_WHAT TO PRODUCE_. Give the data below again exactly as written, without its pictures.
+ + +
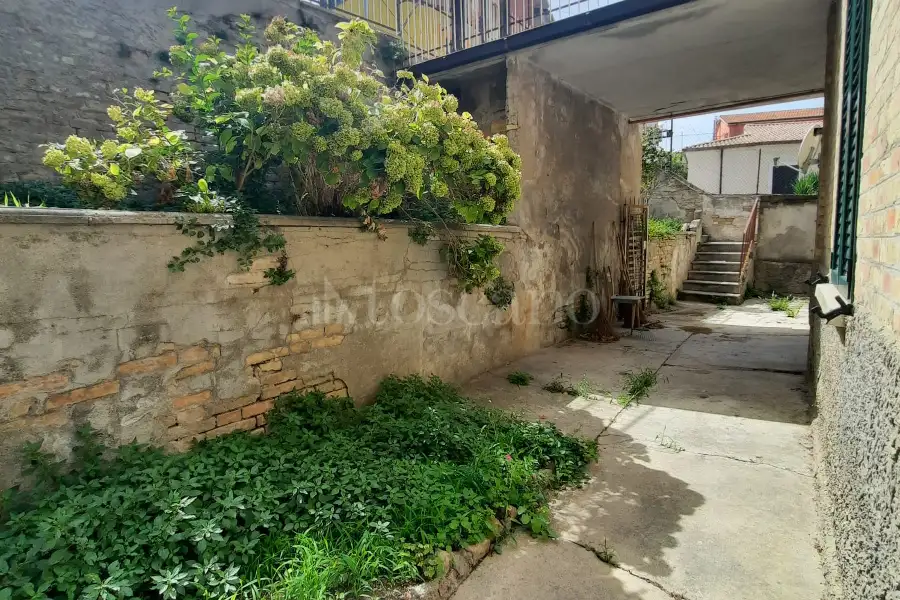 Casa Indipendente in vendita di 183 mq a €97.000 (rif. 13/2025)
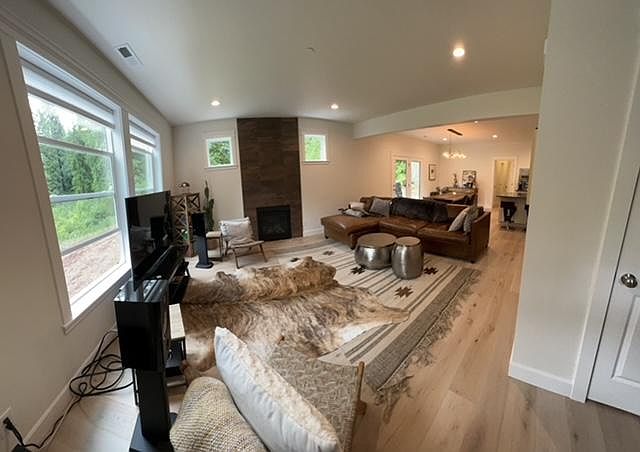 1st image of 10509 Kopachuck Dr NW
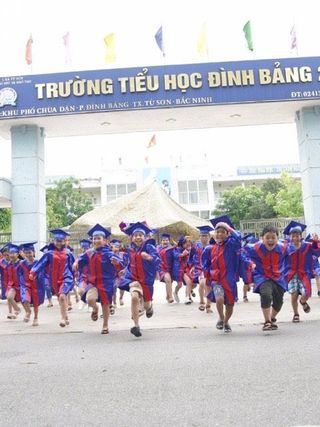 Cac_co_cau_hoc_tro_vui_mung_trong_ngay_Le_ra_truong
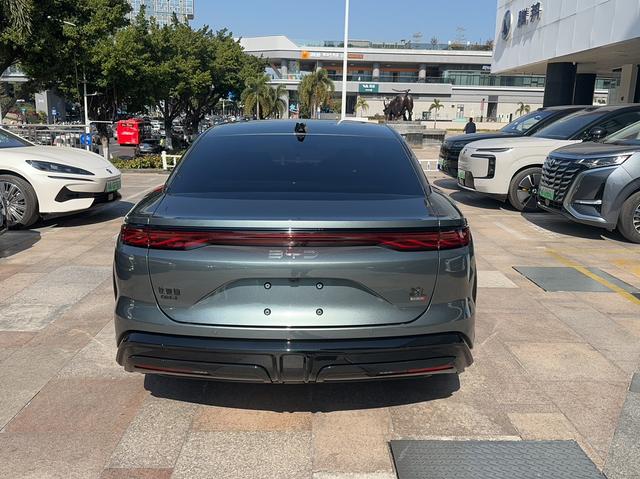 Certificated Pre-Owned BYD Han L DM 2025 Model DM-i 200KM Two-Wheel Drive Lidar Premium Edition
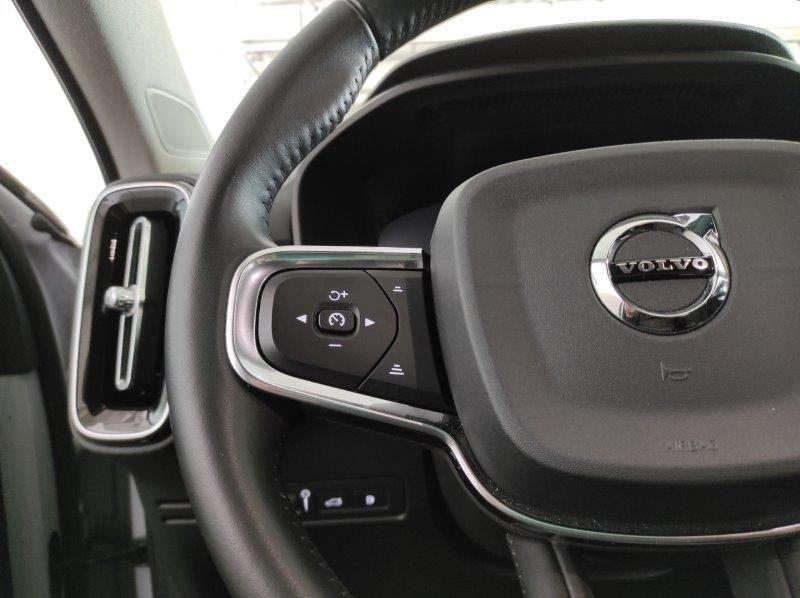 Volvo XC40 (2017-->) T5 Recharge Plug-in Hybrid Inscription Expression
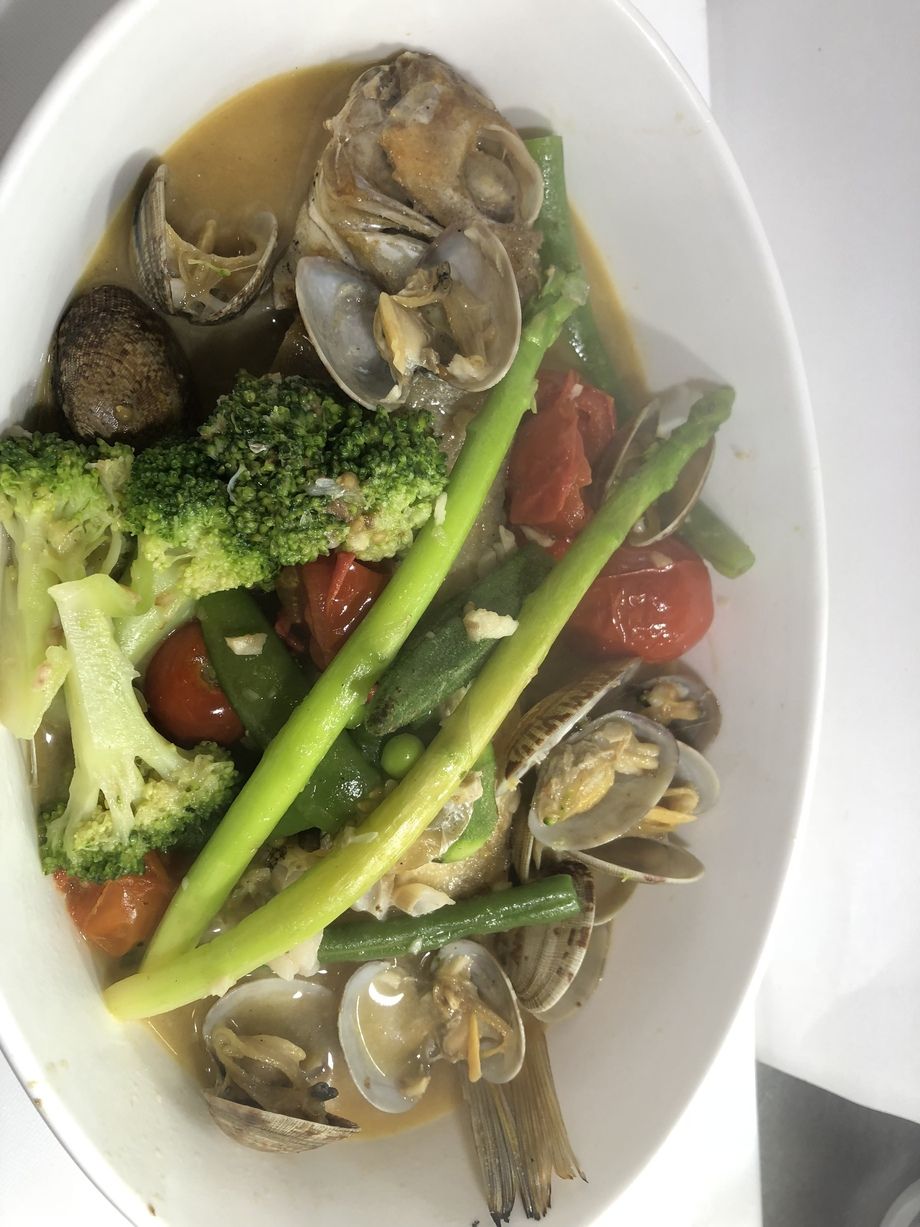 本日のお魚のアクアパッツァ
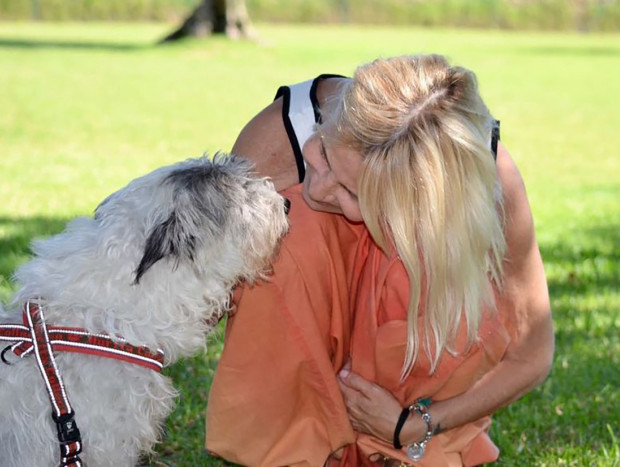 Eugenia Martínez con su nuevo perro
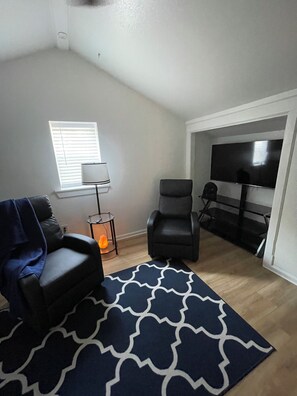 Living area - 2 Bdrm/2 ba Zone where Comfort Meets Convenience
Sports, Fun, Eats & Campus Life (Arlington)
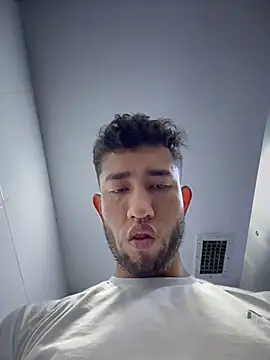 liam_bronw Webcamshow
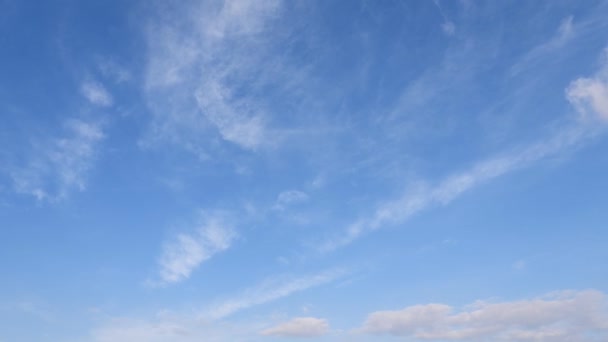 Біла Хмара Блакитному Небі — стокове відео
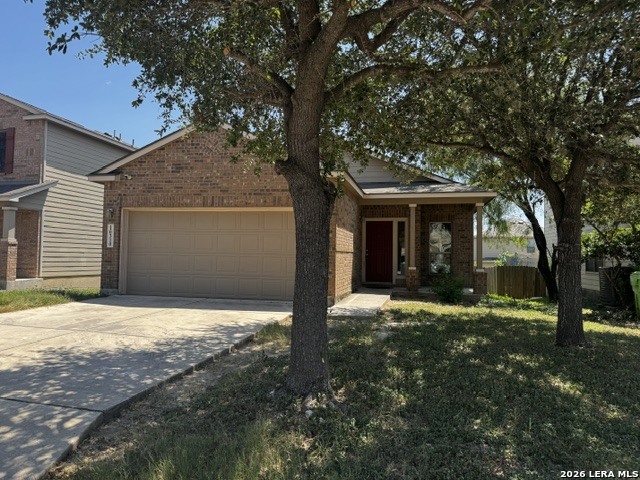 10310 Royal Est Property Photo 3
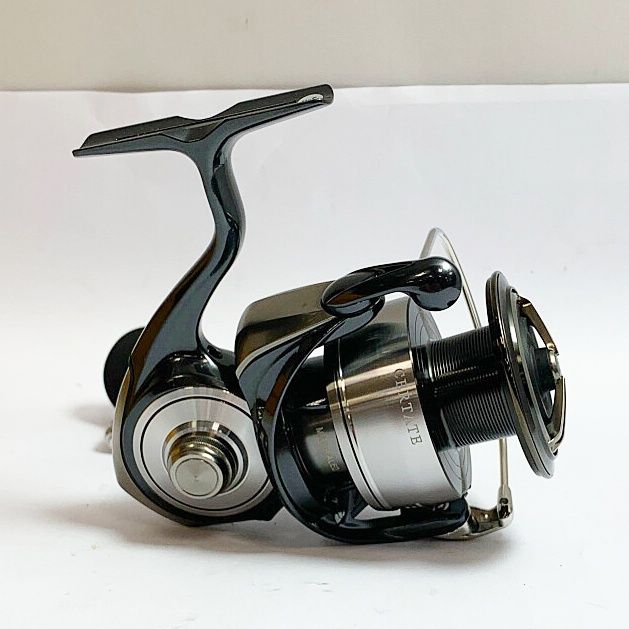 未使用 ダイワ 24セルテート LT5000D DAIWA ダイワ 24 セルテート LT5000D-CXH スピニングリール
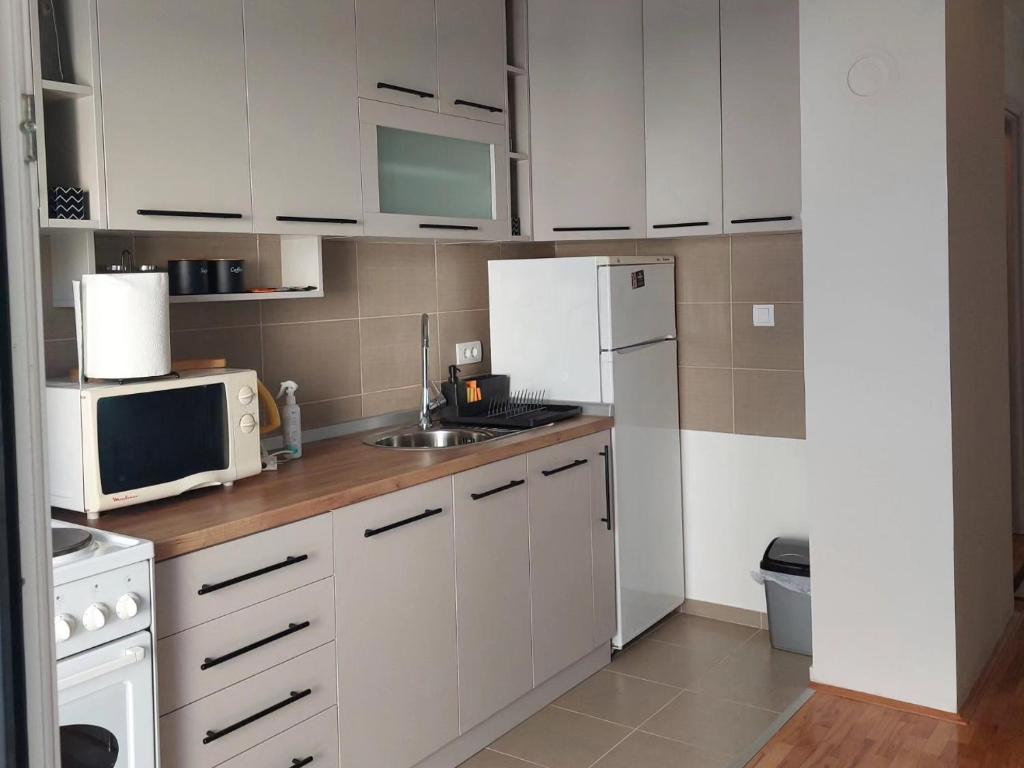 Kuchyň nebo kuchyňský kout v ubytování Slatki Snovi - Novi apartman u centru Vranja - FREE PARKING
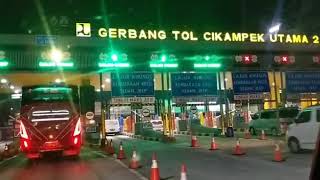 Story' wa Gerbang tol Cikampek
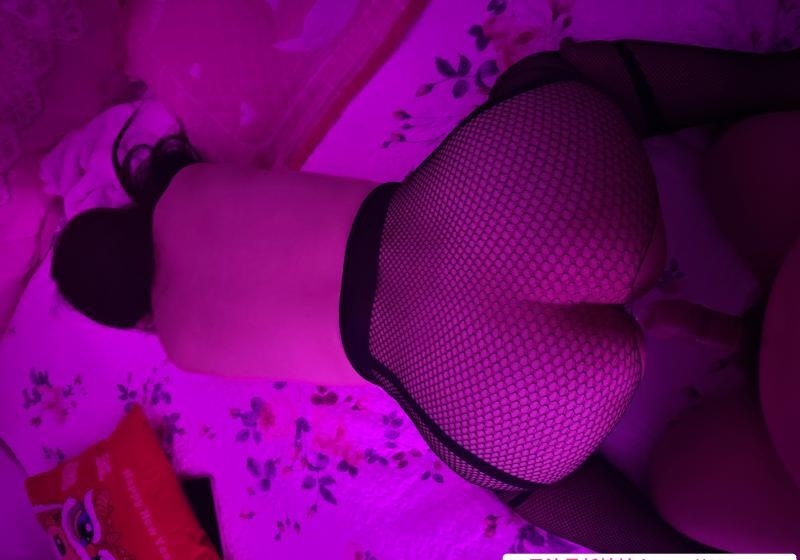 后入肥臀妃妃 3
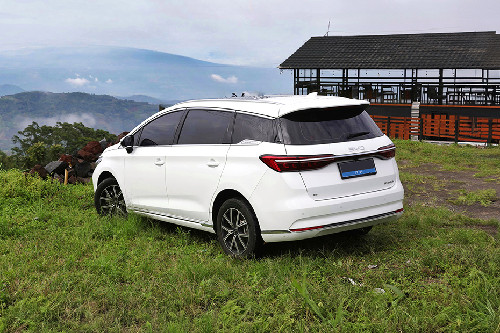 Tampak belakang serong Tampak belakang serong M6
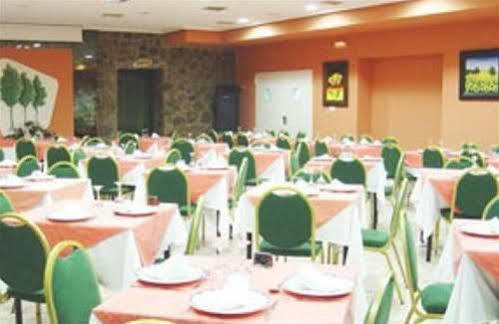 Oyo Hotel Los Alamos ปลาเซนเซีย ภายนอก รูปภาพ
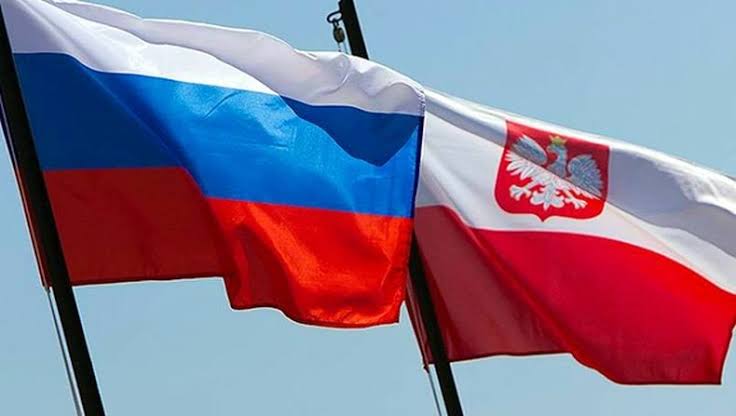Moskow Berjanji akan Tanggapi Pengusiran 45 Diplomat Rusia dari Polandia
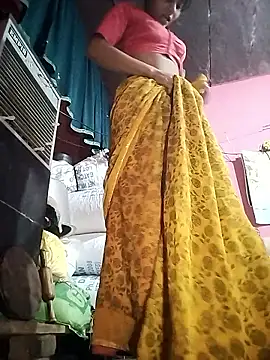 R_Roshni's cam snapshot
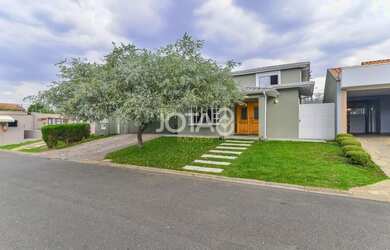 Imagem: A casa em condomínio possui 4 Dormitórios, 5 Banheiros, 4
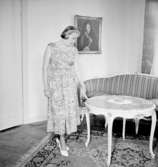 Rumsinteriör, en kvinna.Bertil Sehlin (beställare).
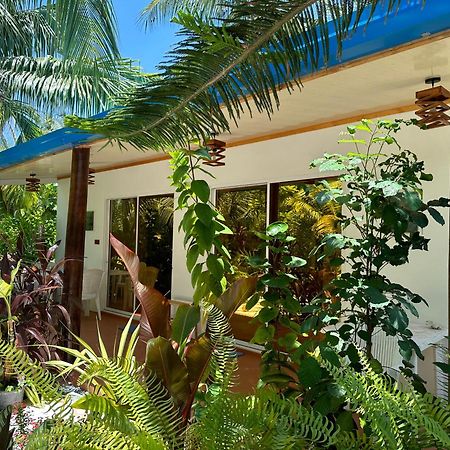 Blue Water Thoddoo Inn Exterior foto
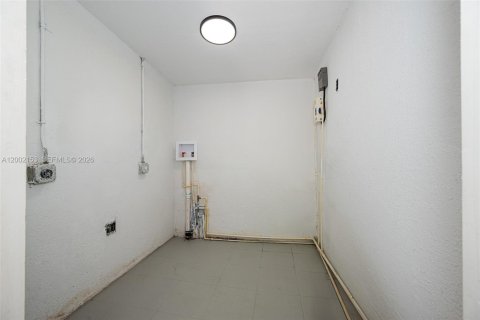 Купить виллу или дом в Майами, Флорида 5 спален, 154.78м2, № 2067563 - фото 23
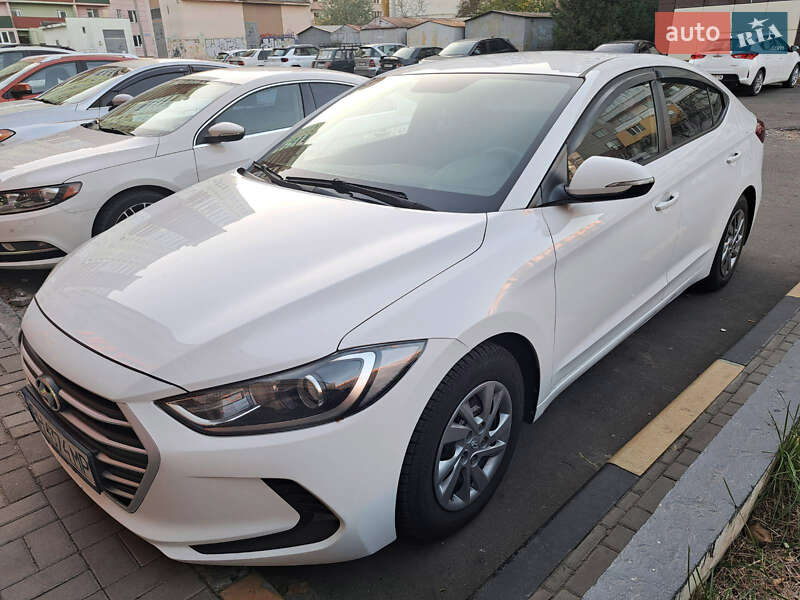 Hyundai Avante (2016)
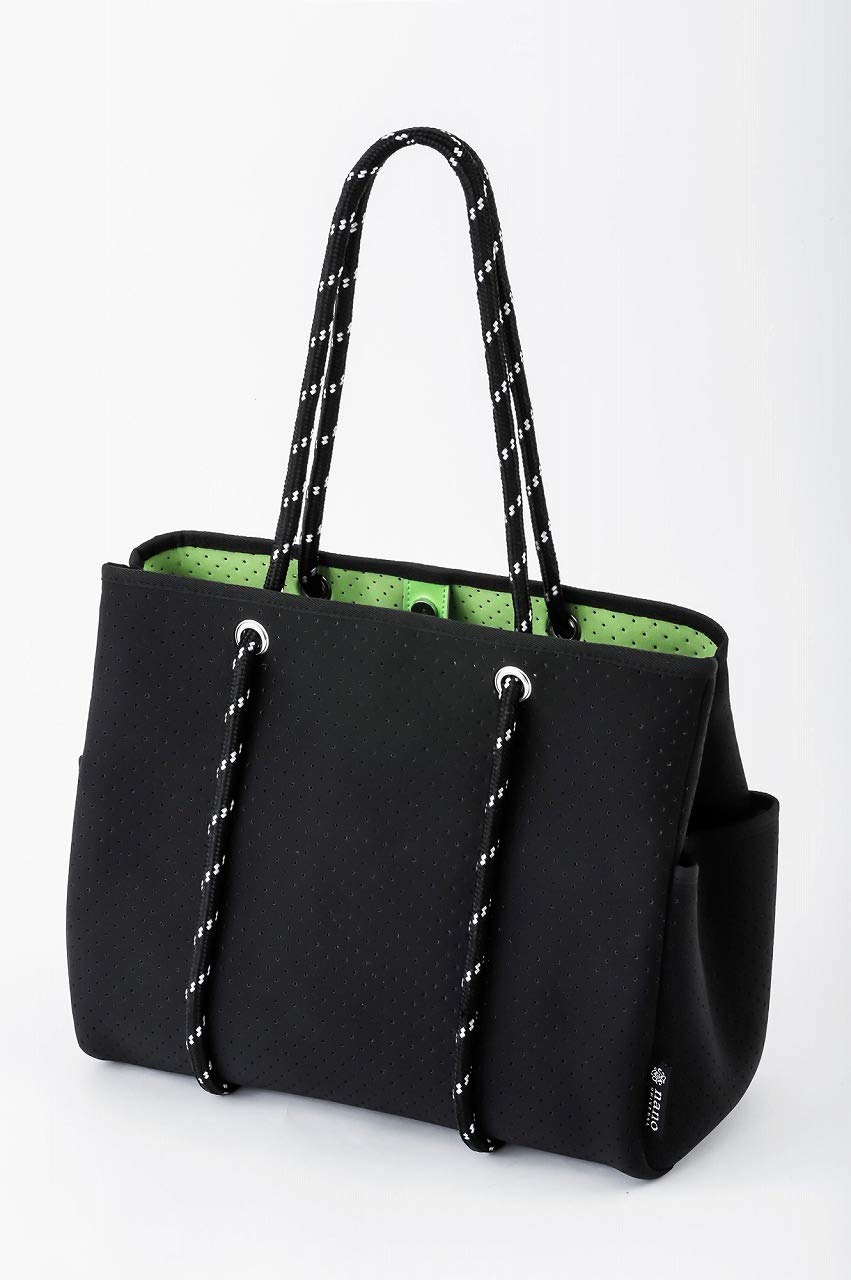 nano・universe 超軽量! BIG BAG BOOK：4/27発売【ムック本付録】ナノ・ユニバース(nano･universe)ウェットスーツ風素材のバッグ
+ + +
_ANSWER_.
 Casa Indipendente in vendita di 183 mq a €97.000 (rif. 13/2025)
 1st image of 10509 Kopachuck Dr NW
 Cac_co_cau_hoc_tro_vui_mung_trong_ngay_Le_ra_truong
 Certificated Pre-Owned BYD Han L DM 2025 Model DM-i 200KM Two-Wheel Drive Lidar Premium Edition
 Volvo XC40 (2017-->) T5 Recharge Plug-in Hybrid Inscription Expression
 本日のお魚のアクアパッツァ
 Eugenia Martínez con su nuevo perro
 Living area - 2 Bdrm/2 ba Zone where Comfort Meets Convenience
Sports, Fun, Eats & Campus Life (Arlington)
 liam_bronw Webcamshow
 Біла Хмара Блакитному Небі — стокове відео
 10310 Royal Est Property Photo 3
 未使用 ダイワ 24セルテート LT5000D DAIWA ダイワ 24 セルテート LT5000D-CXH スピニングリール
 Kuchyň nebo kuchyňský kout v ubytování Slatki Snovi - Novi apartman u centru Vranja - FREE PARKING
 Story' wa Gerbang tol Cikampek
 后入肥臀妃妃 3
 Tampak belakang serong Tampak belakang serong M6
 Oyo Hotel Los Alamos ปลาเซนเซีย ภายนอก รูปภาพ
Moskow Berjanji akan Tanggapi Pengusiran 45 Diplomat Rusia dari Polandia
 R_Roshni's cam snapshot
 Imagem: A casa em condomínio possui 4 Dormitórios, 5 Banheiros, 4
 Rumsinteriör, en kvinna.Bertil Sehlin (beställare).
 Blue Water Thoddoo Inn Exterior foto
 Купить виллу или дом в Майами, Флорида 5 спален, 154.78м2, № 2067563 - фото 23
 Hyundai Avante (2016)
 nano・universe 超軽量! BIG BAG BOOK：4/27発売【ムック本付録】ナノ・ユニバース(nano･universe)ウェットスーツ風素材のバッグ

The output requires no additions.